> “How’d the moon get here? Look, you pinheads who attacked me for this, you guys are just desperate. How’d the moon get here? How’d the sun get there? How’d it get there? Can you explain that to me? How come we have that and Mars doesn’t have it?” -Bill O’Reilly
Once upon a time, humans looked at the tides — going out and coming in — and we had no idea what caused them. At high tides, the sea level would rise, and the coast would get swept up by the oceans, while at low tides, the water would recede, leaving tidepools behind.
(Image credit: smugmug.com.)
Low tides and high tides would each happen twice a day. But we started noticing that the highest high tides and the lowest low tides — spring tides — happened during new Moons and full Moons. On the other hands, the most moderate tides, where high tides were relatively low and low tides were relatively high — neap tides — happened during the first and last quarter Moon phases.

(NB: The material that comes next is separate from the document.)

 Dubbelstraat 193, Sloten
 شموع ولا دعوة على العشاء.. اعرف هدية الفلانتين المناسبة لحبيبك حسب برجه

It wasn’t long before we put this picture together.
(Image credit: James Irwin.)
Sure enough, the Moon is the dominant cause of the tides, with the Sun responsible for about 30% of what we get. And thanks to the laws of gravity we understand how the tides work, even in more extreme cases.
But apparently, this isn’t good enough for Bill O’Reilly. After stating that nobody can explain the tides and this proves the existence of God, many people (rightly) threw the Moon in his face.
But instead of retracting his statement, O’Reilly went one step farther into it, and delivered the rant quoted atop, complete with his five great questions. Some people attacked him, others defended him, but no one’s tried to teach him.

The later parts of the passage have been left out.